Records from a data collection
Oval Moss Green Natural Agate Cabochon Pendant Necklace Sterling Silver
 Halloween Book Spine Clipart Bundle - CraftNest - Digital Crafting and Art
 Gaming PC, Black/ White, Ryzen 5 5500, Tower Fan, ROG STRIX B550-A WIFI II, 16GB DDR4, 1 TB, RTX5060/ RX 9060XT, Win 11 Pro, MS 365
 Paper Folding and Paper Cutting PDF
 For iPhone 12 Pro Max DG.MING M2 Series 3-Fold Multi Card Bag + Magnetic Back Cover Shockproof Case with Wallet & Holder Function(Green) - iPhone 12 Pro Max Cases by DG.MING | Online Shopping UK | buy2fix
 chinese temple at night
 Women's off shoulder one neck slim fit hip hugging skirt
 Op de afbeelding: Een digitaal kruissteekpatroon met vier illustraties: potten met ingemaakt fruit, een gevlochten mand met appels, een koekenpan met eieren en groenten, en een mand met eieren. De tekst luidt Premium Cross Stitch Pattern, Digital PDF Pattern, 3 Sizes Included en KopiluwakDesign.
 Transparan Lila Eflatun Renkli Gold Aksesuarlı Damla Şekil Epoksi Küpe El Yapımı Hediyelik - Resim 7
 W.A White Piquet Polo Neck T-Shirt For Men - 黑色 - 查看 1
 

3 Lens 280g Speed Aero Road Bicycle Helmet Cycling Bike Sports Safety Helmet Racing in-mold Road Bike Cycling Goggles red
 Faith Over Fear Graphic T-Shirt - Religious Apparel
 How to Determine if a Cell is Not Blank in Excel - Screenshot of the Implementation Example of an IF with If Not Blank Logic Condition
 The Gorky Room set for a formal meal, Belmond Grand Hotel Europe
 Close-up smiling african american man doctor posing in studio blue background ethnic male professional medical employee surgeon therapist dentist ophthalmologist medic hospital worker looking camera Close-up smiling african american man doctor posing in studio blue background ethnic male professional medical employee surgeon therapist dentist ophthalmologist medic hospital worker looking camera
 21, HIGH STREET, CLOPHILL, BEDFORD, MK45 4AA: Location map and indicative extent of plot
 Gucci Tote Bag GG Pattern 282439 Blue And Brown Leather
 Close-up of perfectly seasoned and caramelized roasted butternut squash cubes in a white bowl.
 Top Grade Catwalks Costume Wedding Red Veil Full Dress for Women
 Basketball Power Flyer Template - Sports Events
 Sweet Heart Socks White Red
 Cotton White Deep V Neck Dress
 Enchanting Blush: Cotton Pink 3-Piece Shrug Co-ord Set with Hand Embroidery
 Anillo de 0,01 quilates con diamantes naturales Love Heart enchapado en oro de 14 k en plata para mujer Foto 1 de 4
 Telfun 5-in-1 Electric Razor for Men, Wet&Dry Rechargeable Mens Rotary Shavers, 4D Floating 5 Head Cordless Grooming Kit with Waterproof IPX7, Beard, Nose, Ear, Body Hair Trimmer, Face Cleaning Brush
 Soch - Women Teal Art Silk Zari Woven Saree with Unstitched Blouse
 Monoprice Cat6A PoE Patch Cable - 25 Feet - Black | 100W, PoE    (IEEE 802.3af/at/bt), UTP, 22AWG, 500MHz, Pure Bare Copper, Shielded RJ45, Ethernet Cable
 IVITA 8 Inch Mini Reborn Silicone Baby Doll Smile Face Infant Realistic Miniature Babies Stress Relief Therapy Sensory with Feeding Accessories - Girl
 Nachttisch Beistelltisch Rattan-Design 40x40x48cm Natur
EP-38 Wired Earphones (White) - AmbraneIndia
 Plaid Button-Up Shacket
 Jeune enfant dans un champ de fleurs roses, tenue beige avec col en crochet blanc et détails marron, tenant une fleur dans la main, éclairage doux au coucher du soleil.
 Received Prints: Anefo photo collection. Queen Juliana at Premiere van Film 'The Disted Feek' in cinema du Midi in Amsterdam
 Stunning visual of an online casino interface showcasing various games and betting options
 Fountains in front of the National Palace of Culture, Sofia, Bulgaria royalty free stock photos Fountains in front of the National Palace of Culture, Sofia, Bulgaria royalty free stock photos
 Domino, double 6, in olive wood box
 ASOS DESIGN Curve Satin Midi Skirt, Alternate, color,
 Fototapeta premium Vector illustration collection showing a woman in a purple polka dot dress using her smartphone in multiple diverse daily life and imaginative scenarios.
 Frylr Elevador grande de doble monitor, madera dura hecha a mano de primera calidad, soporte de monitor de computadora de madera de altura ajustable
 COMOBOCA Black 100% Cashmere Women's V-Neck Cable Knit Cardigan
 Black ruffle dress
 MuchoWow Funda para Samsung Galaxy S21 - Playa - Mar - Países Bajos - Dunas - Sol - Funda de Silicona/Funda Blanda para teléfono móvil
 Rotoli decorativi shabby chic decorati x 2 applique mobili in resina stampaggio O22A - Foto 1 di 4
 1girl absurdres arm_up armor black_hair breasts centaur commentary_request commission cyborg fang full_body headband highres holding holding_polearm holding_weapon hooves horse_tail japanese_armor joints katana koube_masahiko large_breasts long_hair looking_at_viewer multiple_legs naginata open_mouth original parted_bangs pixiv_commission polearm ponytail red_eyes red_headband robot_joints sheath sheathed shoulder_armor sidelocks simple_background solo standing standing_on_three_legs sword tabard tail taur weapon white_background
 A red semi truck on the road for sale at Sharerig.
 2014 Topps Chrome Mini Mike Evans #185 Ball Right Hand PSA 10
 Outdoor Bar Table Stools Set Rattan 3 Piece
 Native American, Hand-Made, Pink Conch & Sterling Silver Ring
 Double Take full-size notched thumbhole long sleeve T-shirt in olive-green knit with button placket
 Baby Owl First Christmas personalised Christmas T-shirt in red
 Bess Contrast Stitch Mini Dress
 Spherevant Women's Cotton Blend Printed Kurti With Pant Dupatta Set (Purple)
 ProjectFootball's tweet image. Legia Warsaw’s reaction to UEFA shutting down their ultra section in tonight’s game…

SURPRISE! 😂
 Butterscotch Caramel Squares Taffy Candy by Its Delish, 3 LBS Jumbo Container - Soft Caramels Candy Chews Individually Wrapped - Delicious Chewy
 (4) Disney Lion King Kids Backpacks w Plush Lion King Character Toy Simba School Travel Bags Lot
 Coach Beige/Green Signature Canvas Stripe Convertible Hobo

INSTRUCTIONS TO FOLLOW - When you reply, retype each line exactly as it appears above.

OUTPUT BELOW -
Oval Moss Green Natural Agate Cabochon Pendant Necklace Sterling Silver
 Halloween Book Spine Clipart Bundle - CraftNest - Digital Crafting and Art
 Gaming PC, Black/ White, Ryzen 5 5500, Tower Fan, ROG STRIX B550-A WIFI II, 16GB DDR4, 1 TB, RTX5060/ RX 9060XT, Win 11 Pro, MS 365
 Paper Folding and Paper Cutting PDF
 For iPhone 12 Pro Max DG.MING M2 Series 3-Fold Multi Card Bag + Magnetic Back Cover Shockproof Case with Wallet & Holder Function(Green) - iPhone 12 Pro Max Cases by DG.MING | Online Shopping UK | buy2fix
 chinese temple at night
 Women's off shoulder one neck slim fit hip hugging skirt
 Op de afbeelding: Een digitaal kruissteekpatroon met vier illustraties: potten met ingemaakt fruit, een gevlochten mand met appels, een koekenpan met eieren en groenten, en een mand met eieren. De tekst luidt Premium Cross Stitch Pattern, Digital PDF Pattern, 3 Sizes Included en KopiluwakDesign.
 Transparan Lila Eflatun Renkli Gold Aksesuarlı Damla Şekil Epoksi Küpe El Yapımı Hediyelik - Resim 7
 W.A White Piquet Polo Neck T-Shirt For Men - 黑色 - 查看 1
 

3 Lens 280g Speed Aero Road Bicycle Helmet Cycling Bike Sports Safety Helmet Racing in-mold Road Bike Cycling Goggles red
 Faith Over Fear Graphic T-Shirt - Religious Apparel
 How to Determine if a Cell is Not Blank in Excel - Screenshot of the Implementation Example of an IF with If Not Blank Logic Condition
 The Gorky Room set for a formal meal, Belmond Grand Hotel Europe
 Close-up smiling african american man doctor posing in studio blue background ethnic male professional medical employee surgeon therapist dentist ophthalmologist medic hospital worker looking camera Close-up smiling african american man doctor posing in studio blue background ethnic male professional medical employee surgeon therapist dentist ophthalmologist medic hospital worker looking camera
 21, HIGH STREET, CLOPHILL, BEDFORD, MK45 4AA: Location map and indicative extent of plot
 Gucci Tote Bag GG Pattern 282439 Blue And Brown Leather
 Close-up of perfectly seasoned and caramelized roasted butternut squash cubes in a white bowl.
 Top Grade Catwalks Costume Wedding Red Veil Full Dress for Women
 Basketball Power Flyer Template - Sports Events
 Sweet Heart Socks White Red
 Cotton White Deep V Neck Dress
 Enchanting Blush: Cotton Pink 3-Piece Shrug Co-ord Set with Hand Embroidery
 Anillo de 0,01 quilates con diamantes naturales Love Heart enchapado en oro de 14 k en plata para mujer Foto 1 de 4
 Telfun 5-in-1 Electric Razor for Men, Wet&Dry Rechargeable Mens Rotary Shavers, 4D Floating 5 Head Cordless Grooming Kit with Waterproof IPX7, Beard, Nose, Ear, Body Hair Trimmer, Face Cleaning Brush
 Soch - Women Teal Art Silk Zari Woven Saree with Unstitched Blouse
 Monoprice Cat6A PoE Patch Cable - 25 Feet - Black | 100W, PoE    (IEEE 802.3af/at/bt), UTP, 22AWG, 500MHz, Pure Bare Copper, Shielded RJ45, Ethernet Cable
 IVITA 8 Inch Mini Reborn Silicone Baby Doll Smile Face Infant Realistic Miniature Babies Stress Relief Therapy Sensory with Feeding Accessories - Girl
 Nachttisch Beistelltisch Rattan-Design 40x40x48cm Natur
EP-38 Wired Earphones (White) - AmbraneIndia
 Plaid Button-Up Shacket
 Jeune enfant dans un champ de fleurs roses, tenue beige avec col en crochet blanc et détails marron, tenant une fleur dans la main, éclairage doux au coucher du soleil.
 Received Prints: Anefo photo collection. Queen Juliana at Premiere van Film 'The Disted Feek' in cinema du Midi in Amsterdam
 Stunning visual of an online casino interface showcasing various games and betting options
 Fountains in front of the National Palace of Culture, Sofia, Bulgaria royalty free stock photos Fountains in front of the National Palace of Culture, Sofia, Bulgaria royalty free stock photos
 Domino, double 6, in olive wood box
 ASOS DESIGN Curve Satin Midi Skirt, Alternate, color,
 Fototapeta premium Vector illustration collection showing a woman in a purple polka dot dress using her smartphone in multiple diverse daily life and imaginative scenarios.
 Frylr Elevador grande de doble monitor, madera dura hecha a mano de primera calidad, soporte de monitor de computadora de madera de altura ajustable
 COMOBOCA Black 100% Cashmere Women's V-Neck Cable Knit Cardigan
 Black ruffle dress
 MuchoWow Funda para Samsung Galaxy S21 - Playa - Mar - Países Bajos - Dunas - Sol - Funda de Silicona/Funda Blanda para teléfono móvil
 Rotoli decorativi shabby chic decorati x 2 applique mobili in resina stampaggio O22A - Foto 1 di 4
 1girl absurdres arm_up armor black_hair breasts centaur commentary_request commission cyborg fang full_body headband highres holding holding_polearm holding_weapon hooves horse_tail japanese_armor joints katana koube_masahiko large_breasts long_hair looking_at_viewer multiple_legs naginata open_mouth original parted_bangs pixiv_commission polearm ponytail red_eyes red_headband robot_joints sheath sheathed shoulder_armor sidelocks simple_background solo standing standing_on_three_legs sword tabard tail taur weapon white_background
 A red semi truck on the road for sale at Sharerig.
 2014 Topps Chrome Mini Mike Evans #185 Ball Right Hand PSA 10
 Outdoor Bar Table Stools Set Rattan 3 Piece
 Native American, Hand-Made, Pink Conch & Sterling Silver Ring
 Double Take full-size notched thumbhole long sleeve T-shirt in olive-green knit with button placket
 Baby Owl First Christmas personalised Christmas T-shirt in red
 Bess Contrast Stitch Mini Dress
 Spherevant Women's Cotton Blend Printed Kurti With Pant Dupatta Set (Purple)
 ProjectFootball's tweet image. Legia Warsaw’s reaction to UEFA shutting down their ultra section in tonight’s game…

SURPRISE! 😂
 Butterscotch Caramel Squares Taffy Candy by Its Delish, 3 LBS Jumbo Container - Soft Caramels Candy Chews Individually Wrapped - Delicious Chewy
 (4) Disney Lion King Kids Backpacks w Plush Lion King Character Toy Simba School Travel Bags Lot
 Coach Beige/Green Signature Canvas Stripe Convertible Hobo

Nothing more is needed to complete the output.